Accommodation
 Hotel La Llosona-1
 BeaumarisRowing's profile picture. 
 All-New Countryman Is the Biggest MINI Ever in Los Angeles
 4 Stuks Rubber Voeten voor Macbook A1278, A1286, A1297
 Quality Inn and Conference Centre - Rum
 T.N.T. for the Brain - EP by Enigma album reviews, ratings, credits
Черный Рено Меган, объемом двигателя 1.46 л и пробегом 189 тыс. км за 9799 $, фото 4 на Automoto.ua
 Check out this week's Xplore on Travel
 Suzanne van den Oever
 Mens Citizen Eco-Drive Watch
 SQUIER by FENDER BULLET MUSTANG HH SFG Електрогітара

TASK OBJECTIVE:
Set down the entries above once more, verbatim.

RESPONSE AREA:
Accommodation
 Hotel La Llosona-1
 BeaumarisRowing's profile picture. 
 All-New Countryman Is the Biggest MINI Ever in Los Angeles
 4 Stuks Rubber Voeten voor Macbook A1278, A1286, A1297
 Quality Inn and Conference Centre - Rum
 T.N.T. for the Brain - EP by Enigma album reviews, ratings, credits
Черный Рено Меган, объемом двигателя 1.46 л и пробегом 189 тыс. км за 9799 $, фото 4 на Automoto.ua
 Check out this week's Xplore on Travel
 Suzanne van den Oever
 Mens Citizen Eco-Drive Watch
 SQUIER by FENDER BULLET MUSTANG HH SFG Електрогітара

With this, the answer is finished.